Thoughts on Selected Wendell Berry Quotes

Wendell Berry

Wendell Berry – Poet, Author, Farmer, Philosopher

Let’s start this conversation off with one of Wendell Berry’s quotes that has had a profound impact on me and what has become Terroir Seeds:

“We are going to have to gather up the fragments of knowledge and responsibilities that have been turned over to governments, corporations, and specialists, and put those fragments back together again in our own minds and in our families and household and neighborhoods.”~ Wendell Berry

I heard or read the old phrase, “If you want to change the world, plant a garden,” when I was much younger. It didn’t make any sense to me at the time, as I strongly disliked being forced to work in our large garden when I had much better things to do with my free time!

I do remember the planting time during spring – readying the rows, digging the small irrigation ditches, making sure that the water would flow all the way to the end of the row. Then the planting of the seeds and transplanting seedlings into their places. We watered our 1/4 acre garden with a gas powered well pump from an old abandoned well that we had cleared up and found water in.

Neither of my parents came from farming or ranching backgrounds. My father wanted to grow our own food because of his concern about the health of grocery store produce in our small town and the proliferation of commercially prepared foods. This was the late 1970s and early 1980s. Most of the knowledge that we used came from our Mother Earth News subscription, along with the advice of a couple of older family friends. Looking back, I see that there was a distinct lack of knowledge and experience even then, but there was a desire to do something different. For all of his faults, my father had it right this time. 

Ours was a typical “spring and summer” garden. We planted as soon as we could in the spring and then watered, weeded and waited until the garden came alive and threw way too much produce at us. Then it was cooking, canning and drying seemingly non-stop until the garden sputtered to a stop, usually after the first couple of hard frosts. After that we cleared the dead plants away and waited until the next spring to try again. I remember the dreaded summer break routine of hoeing and weeding after breakfast until it got hot, then again in the late afternoon into early evening. We were gardening in soil that had been fallow for decades, so the seed bank of weeds was tremendous. We didn’t really understand how to manage soil fertility, so we hoed and pulled weeds constantly. 

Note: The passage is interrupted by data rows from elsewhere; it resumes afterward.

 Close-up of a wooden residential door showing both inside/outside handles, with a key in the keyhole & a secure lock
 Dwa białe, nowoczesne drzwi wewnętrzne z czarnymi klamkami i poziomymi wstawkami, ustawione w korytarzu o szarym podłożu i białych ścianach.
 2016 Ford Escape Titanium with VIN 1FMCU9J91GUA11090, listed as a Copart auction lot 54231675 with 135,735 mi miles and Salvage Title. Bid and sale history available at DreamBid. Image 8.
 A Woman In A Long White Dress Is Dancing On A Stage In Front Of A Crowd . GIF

After High School I joined the Navy and left the small town behind just as soon as possible. Six years later – after lots of travel, some growing up and the Gulf War, I left the Navy, the big cities and a failed marriage behind and made the conscious choice to move back to a small town. That was when those words about a garden began to make more sense. I began to realize the world-changing part wasn’t the garden or the food that it grew, not even the world that it was supposed to change. Obviously, one small garden can’t change or feed the world by itself.

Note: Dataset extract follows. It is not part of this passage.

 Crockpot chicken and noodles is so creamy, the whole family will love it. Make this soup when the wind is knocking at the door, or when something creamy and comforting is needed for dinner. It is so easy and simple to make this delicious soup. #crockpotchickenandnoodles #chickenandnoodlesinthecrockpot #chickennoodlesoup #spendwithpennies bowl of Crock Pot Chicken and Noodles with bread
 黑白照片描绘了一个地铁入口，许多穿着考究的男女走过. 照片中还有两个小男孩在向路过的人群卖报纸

I learned the magic of what one small garden can do is share.

It can share its food, the knowledge and experience of how that food was grown, why it tastes as wonderful, rich and delicious as it does and the excitement and contentment that only comes from food you’ve grown. The term “local food” metamorphoses into something entirely different, ceasing to be a carelessly used sound-bite and growing into many delicious food bites that nourish us – body and soul. 

That one small garden becomes a few, then several, then many across a town, a city, a county and a nation. That small garden becomes a metaphor, an idea and a movement. That small humble garden becomes a much-needed, deep seated sense of security in a world where very little has the feel of permanence or security today, regardless of social status or financial standing. It gives us grounding and a sense of place, of belonging to and being part of something much bigger, older and better than us.

That small backyard home garden becomes the embodiment of how we as individuals can reclaim our decisions from the proxies of government, corporations and stockholders and make it a personal choice to grow our own food and share it with our family, friends and neighbors, improving everyone’s lives that we share. After all, we are only talking about the third most important ingredient for life, after air and water! Food, as with soil, has been denigrated and degraded into a commodity that is not worth our attention, respect and devotion. We are slowly waking up to this fallacy.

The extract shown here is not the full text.